Anak bungsu saya masih di awal sekolah dasar, belum lama beranjak dari masa balita. Dalam usia yang demikian, tentu sebagian  besar kegiatannya masih seputar bermain. Selain bermain sepeda dan bulu tangkis di depan rumah yang menjadi rutinitasnya, ia juga gemar memainkan permainan-permainan lain yang umum dimainkan anak-anak seusianya, semisal permainan gasing, bola dan membuat mainan origami.
Selama hampir seminggu di hari kerja, kegiatan si bungsu ditemani ibunya. Maka di hari libur seperti Sabtu dan Minggu, saat saya berada di rumah, ia menuntut saya menyediakan waktu yang lebih banyak bersamanya.
Sebagai seorang ayah, tentu saja saya suka menemaninya dengan permainan-permainannya. Kesempatan ini sekaligus berfungsi sebagai ajang melepas kangen setelah selama lima hari dalam seminggu tidak melihat tingkah polahnya dan tidak mendengar cekikikan tawanya. Selain kelucuan-kelucuan yang masih tersisa di masa kecilnya, ia pun banyak memberi saya inspirasi-inspirasi yang sangat berguna.
Permainan yang Membosankan
Di luar banyak kegembiraan yang kami dapatkan, ada juga hal-hal yang tidak terlalu menyenangkan. Salah satunya permainan ular tangga. Saya mengingat permainan ular tangga sebagai permainan yang amat membosankan, dan "sialnya" si kecil sering menantang saya beradu untung memainkannya.
Hal paling membosankan dari permainan ular tangga adalah kegiatan yang berulang dengan akhir yang tak jelas.
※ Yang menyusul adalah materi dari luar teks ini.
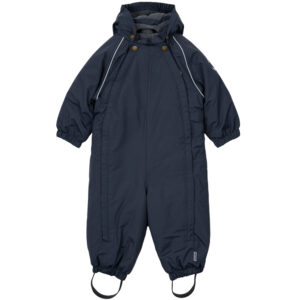 Flyverdragt (3 år/98 cm) - Mikk-line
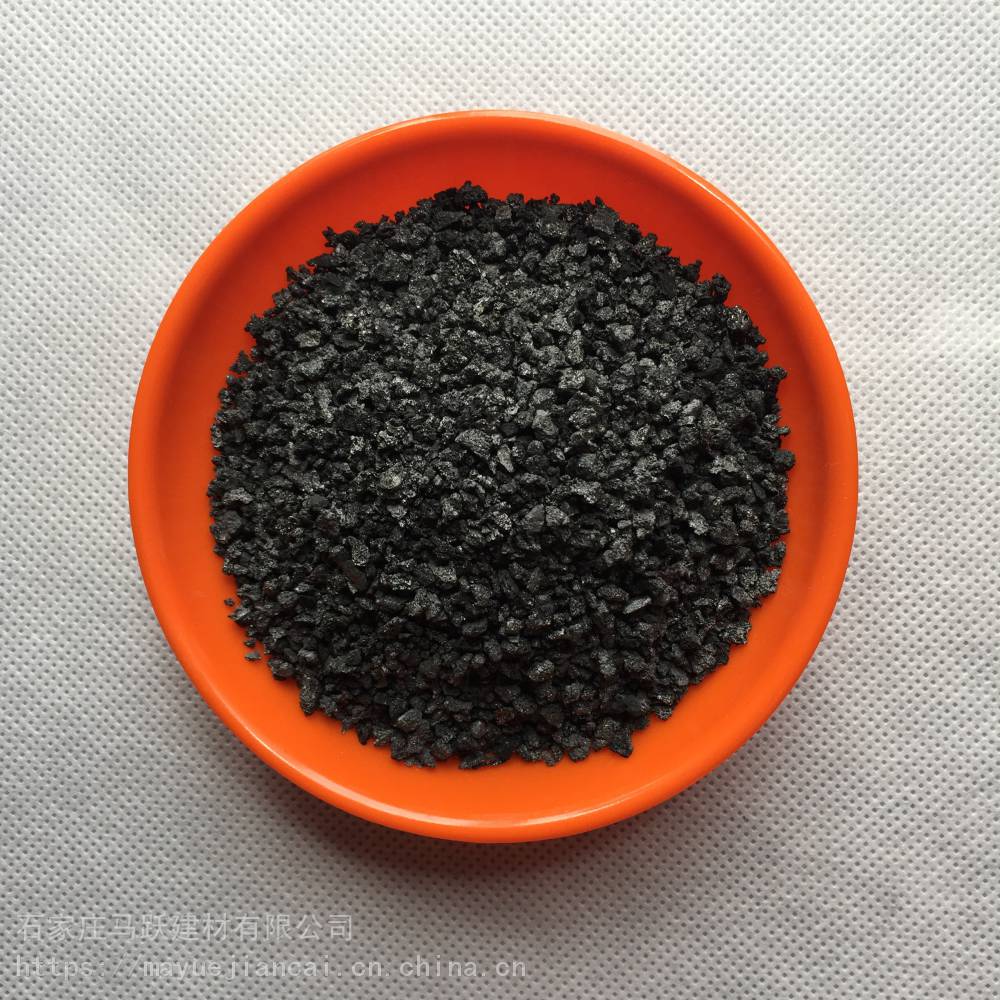 焦粒 工厂直销 铸造增碳剂用 1-3mm 焦炭颗粒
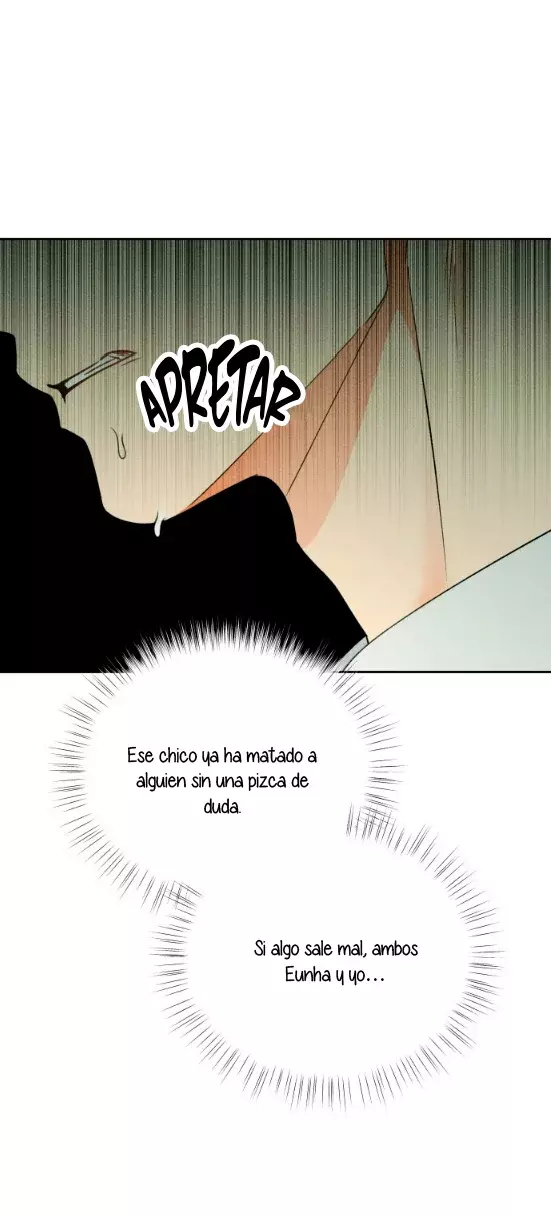 Compañero De Clase capítulo 22, página 85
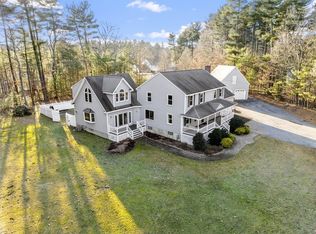 114 Patten Rd, Tewksbury, MA 01876
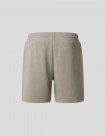 SHORTS THE NORTH FACE SIMPLE DOME LIGHT REGULAR SHORT   STONE SLAB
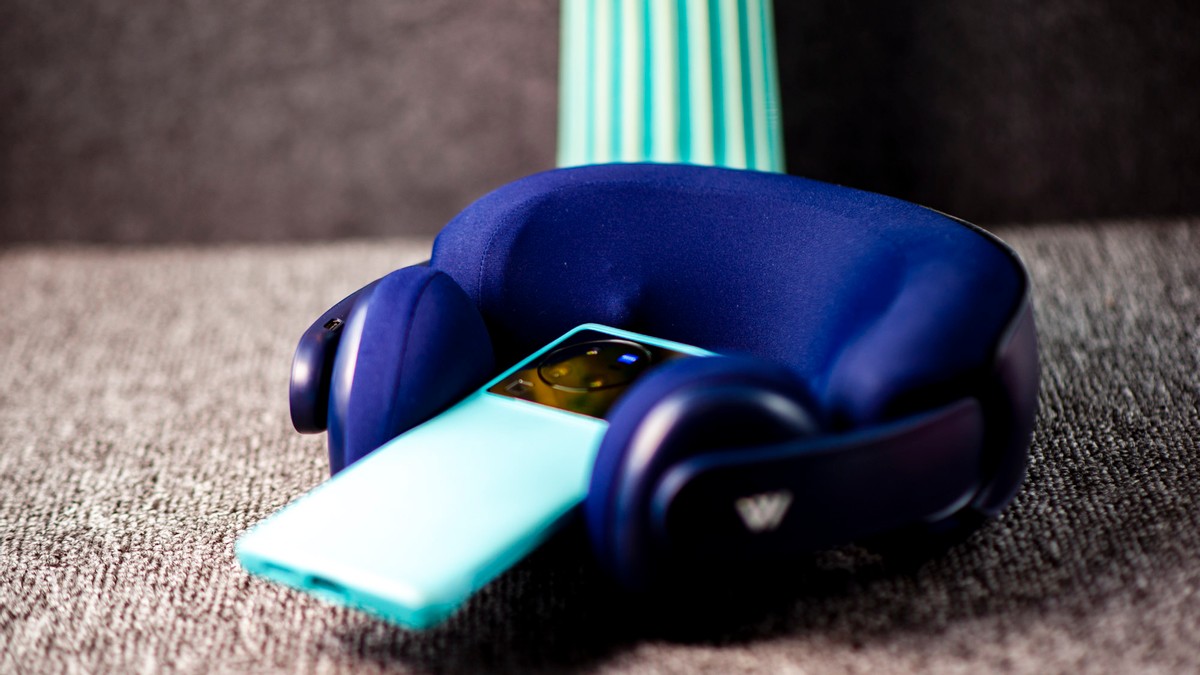 颈椎按摩器推荐改善肩颈,最简单好用的颈椎按摩器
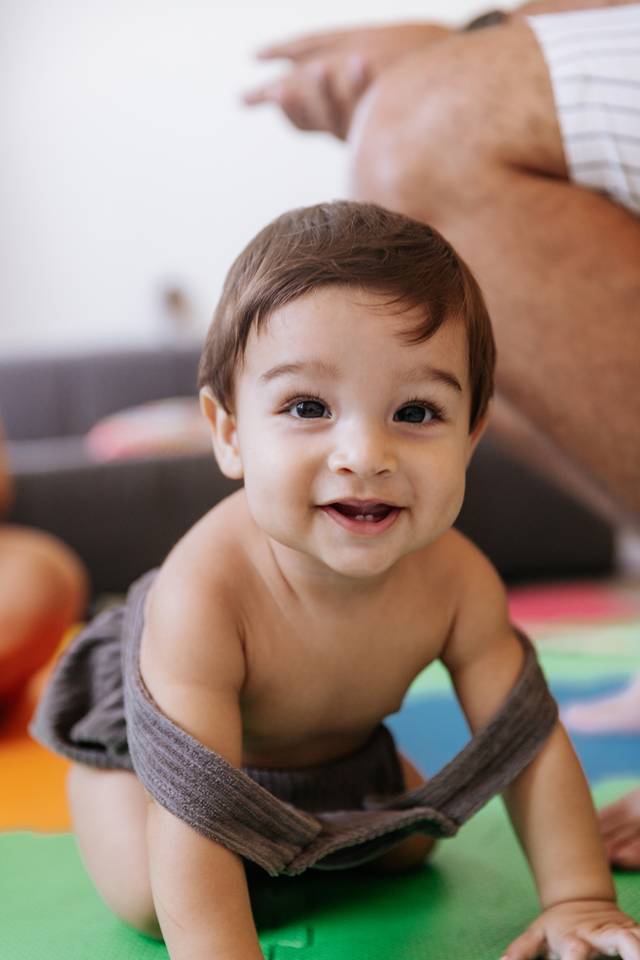 Ensaio de bebê/família de Pedro -9 meses  |  PRÉVIAS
Bayangkan siklus ini: melempar dadu, melangkahkan bidak sejumlah mata dadu yang muncul, mengulang melempar dadu dan jika beruntung bisa menapaki tangga ke atas melangkahi beberapa tahap.
Namun yang saya rasakan lebih banyak buntungnya. Ketika sudah menempuh perjalanan yang cukup jauh dan berada pada posisi yang tinggi, ternyata harus berjumpa dengan seekor ular, maka meluncurlah kembali ke dasar permainan. Tingkat kejengkelan berada pada puncaknya saat posisi tinggal beberapa langkah mencapai puncak, tiba-tiba telah menghadang seekor binatang melata yang panjangnya melebihi rangkaian gerbong kereta api dari Yogyakarta tujuan Jakarta.
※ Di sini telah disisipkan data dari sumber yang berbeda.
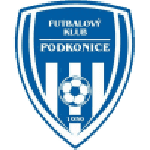 Podkonice badge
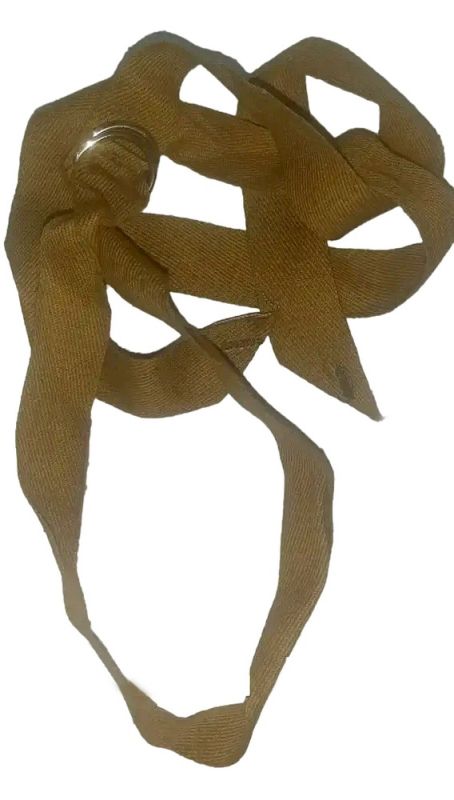 Затяжка-стрічка для ОЗК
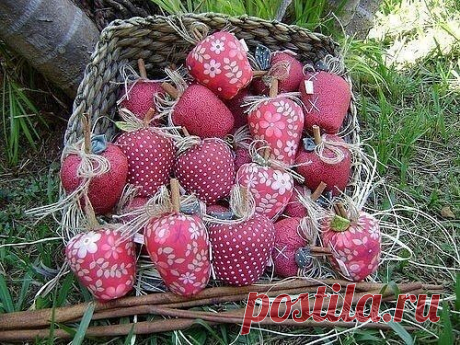 Яблочки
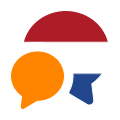 Learn Dutch Logo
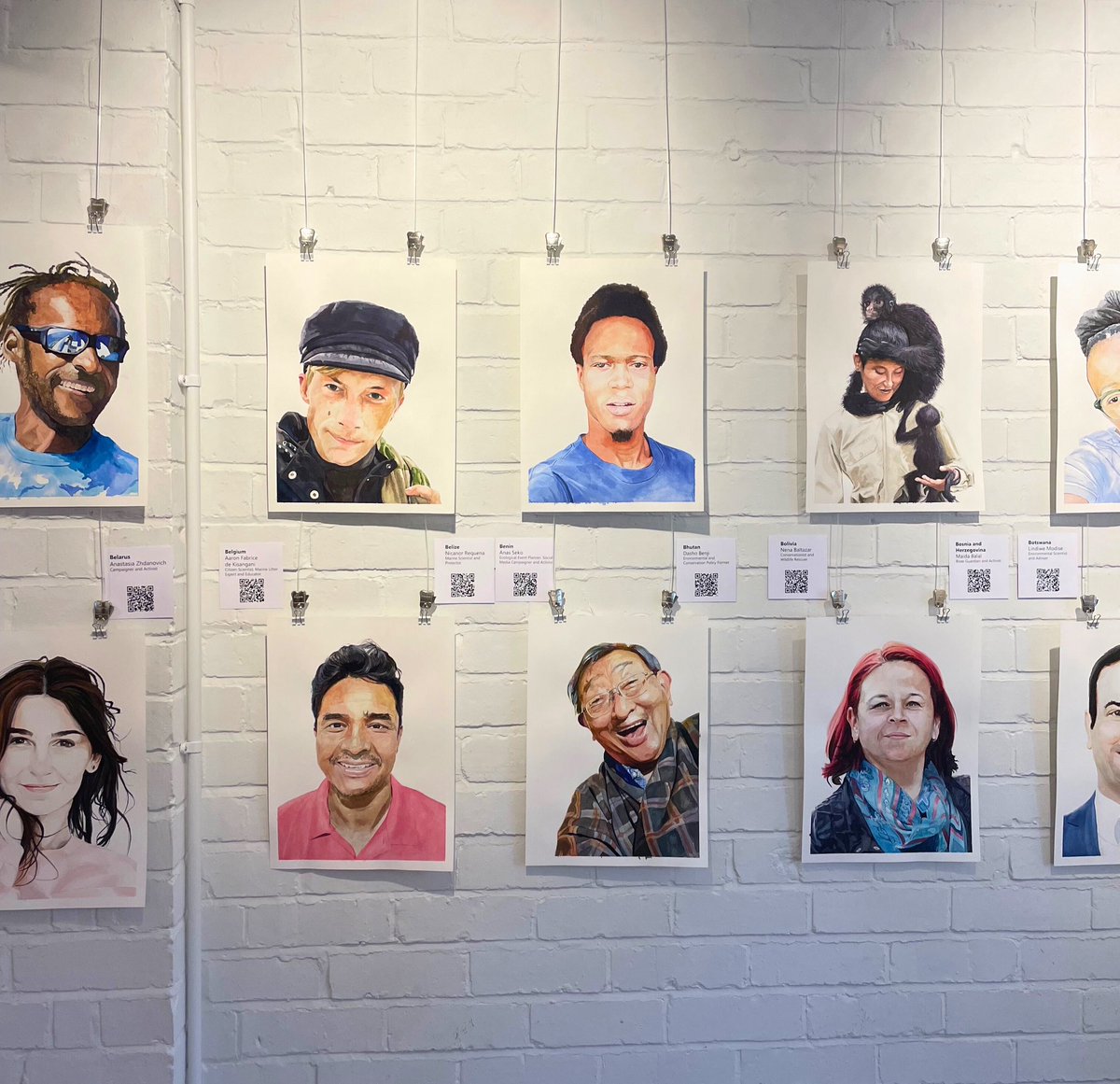 Anas Seko 🌍 🇧🇯 tweet media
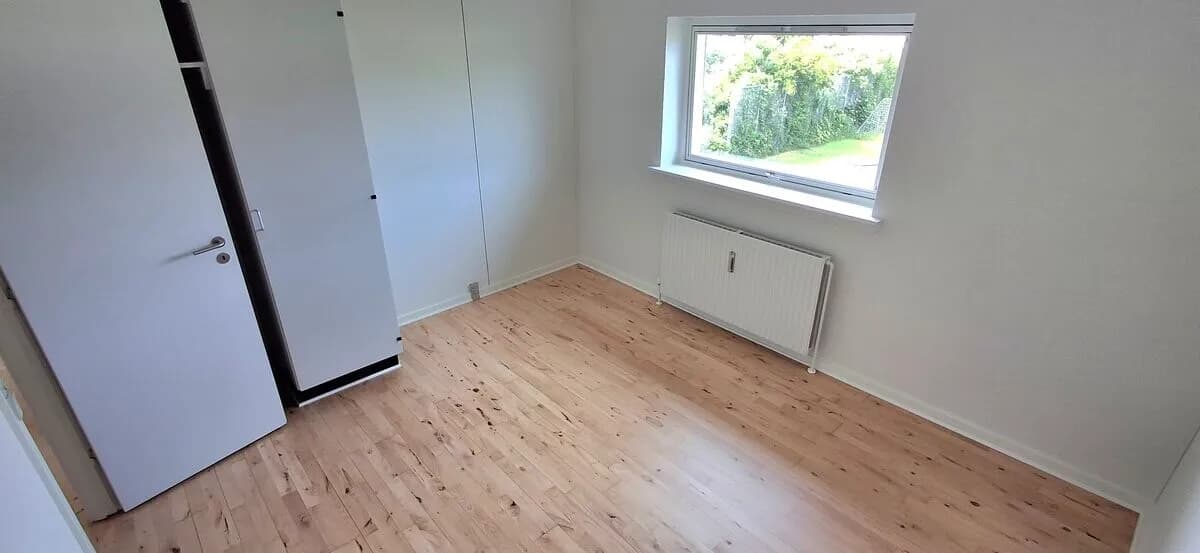 3-room apartment, 87 m² - Frederikshavn
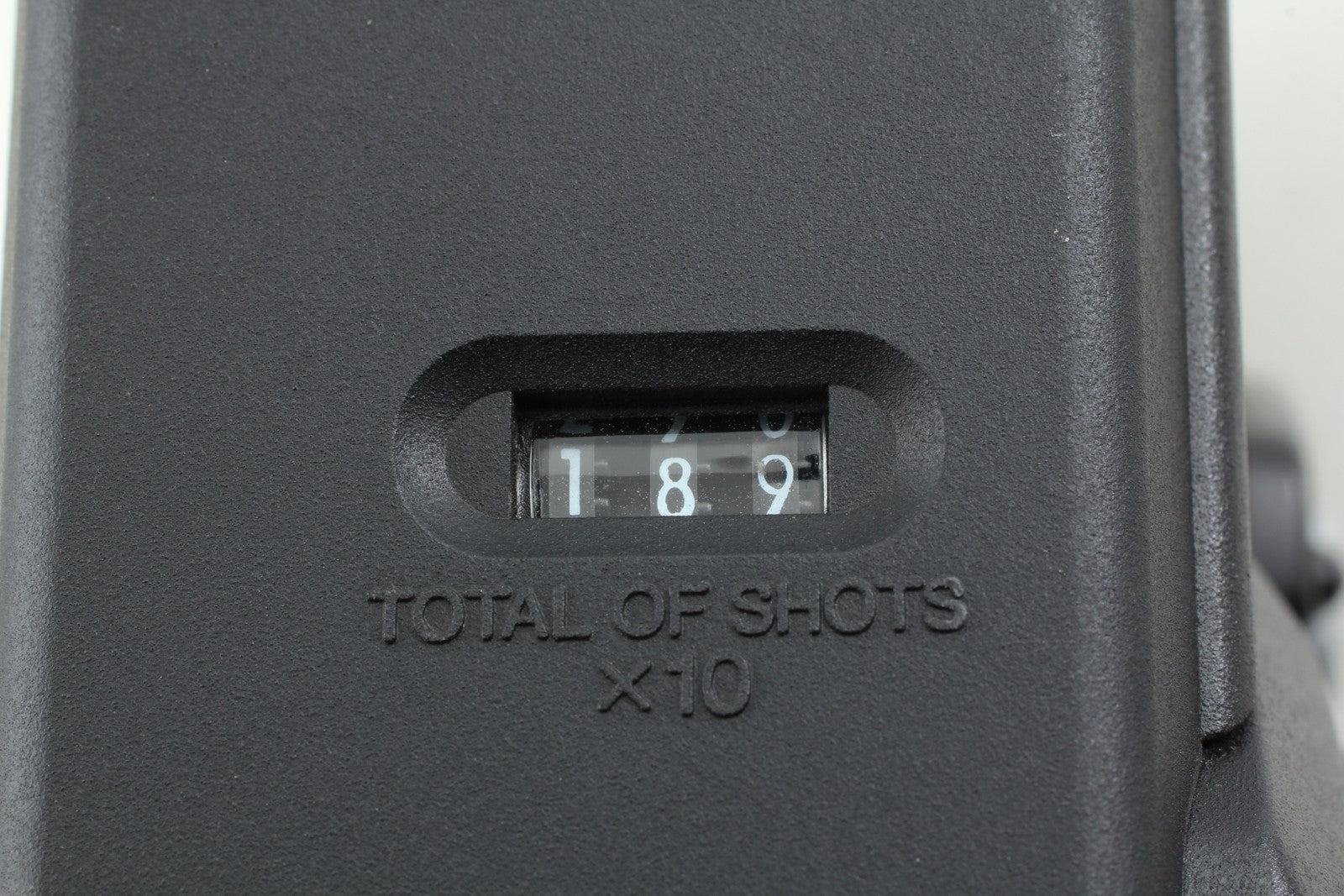 Count 184 [MINT /Case] FujiFilm Fuji GW690 III GW690lll Pro Film Camera JAPAN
Namun, bukankah sudah menjadi kewajiban kita sebagai orang tua untuk membersamai anak dalam pertumbuhan mereka? Tentu tidak elok bila kita menuntut anak-anak mengikuti selera kita.
Beberapa waktu saya sempat cukup tertekan ketika harus menemani anak bermain salah satu jenis permainan paling membosankan di seluruh dunia ini. Sembari memainkan permainan ini, saya memutar otak, mencoba memikirkan cara membunuh kebosanan atau mempercepat permainan.